Harvey Pekar’s and Joseph Remnant – Cleveland

It’s hard to think of this as anything other than epitaph, given its status as a posthumous release, but the question remains, is this a memorial for the man or the city he lived in?  Neither, as it happens - Harvey Pekar’s Cleveland is a book full of and about life, with both the city and its people being given ample space to breath on every page.

Pekar’s Cleveland has traditionally been an overbearingly crowded place, with even the most casual walks around town populated with an abundance of word balloons, thought bubbles and interjecting faces that threatened to black out the sky.  That abundance of words and opinions is still present in this book, but even when the text is at its densest it’s always carefully contained at the top of the panel, leaving the environments depicted underneath gloriously un-squashed.

The city and denizens of Harvey Pekar’s Cleveland are every bit as rich with opinion and story here as they ever were, but I can imagine some people finding the first half of the book a little bit plain, filled as it is with broad historical overview rather than the crooked, close quarters detail at which Pekar has always excelled.  Pekar’s generosity and his sense of interest manifest themselves differently in the first stretch of this narrative, where they are implicit in the amount of space city and artist are given to establish themselves in concert with each other.

Remnant  – his name far too apt for the job - renders Cleveland with an adherence to architectural detail that echoes the work of Eddie Campbell and his assistants in From Hell:

Here, as in that great book, buildings have a life of their own on the page – part of the environment Pekar and co exist in, but rendered with a solidity that rises above mere background detail:

Let us think of these places as being real; perhaps they are!  Remnant’s background players have a similarly suggestive definition to them.  Sometimes they add a lot to a simple scene – take the bit players in these panels for example:

 

The guy in the front of the first panel looks like he wants to cudgel himself to death rather than keep on contributing to Cleveland’s economic well-being, while the guy behind the ballot box in the second frame doesn’t look best pleased to feature in this particular historic moment.

Pekar’s history of Cleveland takes up the first forty or so pages, and while it draws a generally progresses in a straight line it does jump back and forth a bit on its way to the present. This detailed tour through the city would be enough to make Cleveland a quiet pleasure, but things gets a lot louder when Pekar arrives on page 42, breaking the story in half as he does so.

From this point onward, the reader is in the more familiar position, walking and talking with Harvey as he makes his way through the city he lives in:

It’s not all entirely straightforward though - certain details and anecdotes repeat themselves, sometimes with new details sometimes almost verbatim, forcing to reader to ponder whether these are stylistic choices or examples of wonky editing.

Take the story about how John T. Zubal’s used bookstore used to be a Hostess Bakery for example.

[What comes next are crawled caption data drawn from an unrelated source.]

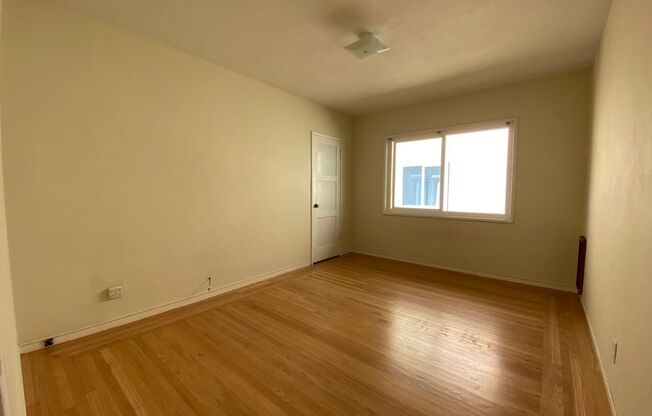 2 beds, 1 bath, 850 sqft, $3,550, Unit 304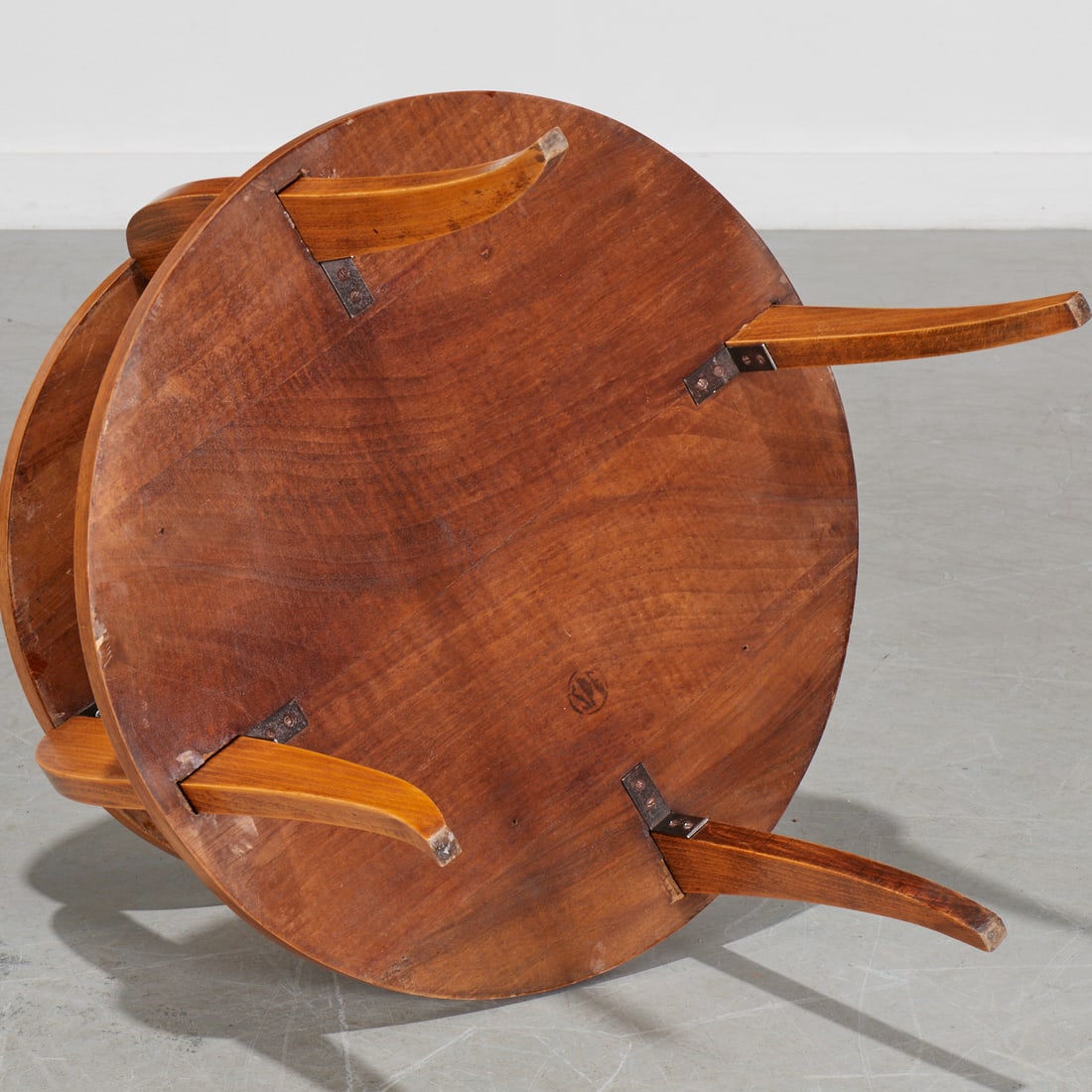 French Art Deco walnut side table - 7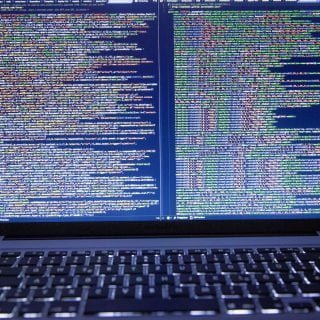 網站目錄常見駭客攻擊用病毒蠕蟲與後門危險檔案清單｜WordPress Joomla CMS 內容網站 National System Monitoring Hacker Code Secret Safe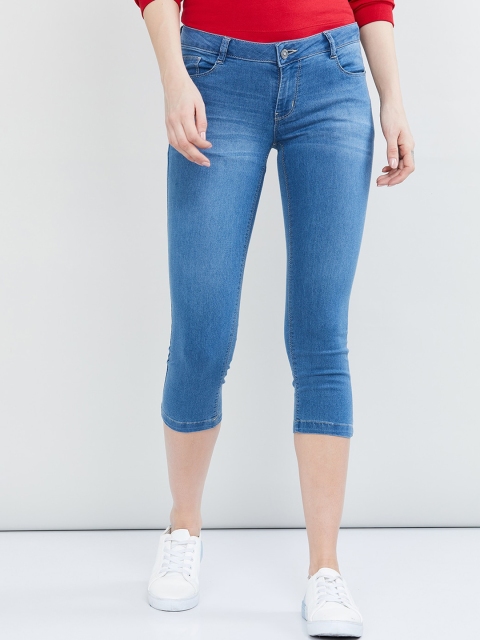 

max Women Blue Solid Skinny Fit Capris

On page 51 we’re told that “Even now, years after John acquired it, it’s possible to eat the Twinkie filling safely.  It was all chemicals and didn’t deteriorate.”  This story recurs again 44 pages later, prompted by its appearence on a TV show hosted by Antony Bourdain.  On this occasion we’re told that the Twikie filling “had been there 10 or 15 years, but the the stuff was all chemicals and didn’t rot after all that time.  It was still edible, and Bourdain tasted it on the show.”

Glitches like this make it clear that the history you’re reading the by-product of a slightly dysfunctional, human memory.  The title says it all, I guess – this is Harvey Pekar’s Cleveland, and its most striking details and points of interest are therefore likely to be the ones that kept Harvey coming back after all those years.

Reading through the book again, I’m struck by the way that Pekar’s trademark hunched stride seems to be shared by all of the denizens of his Cleveland.  More than his particular outlook on life, with Remnant’s help Pekar gives everyone in this book – even the baseball stars – something of his physical manner:

It’s no wonder the people of this town stoop so much, given the amount of history that’s piled up on them – history that is here present in almost every panel in the form of Pekar’s narration.  The buildings may stand un-bothered by the running commentary, but Remnant’s human characters show evidence of this strange gravity in their every motion.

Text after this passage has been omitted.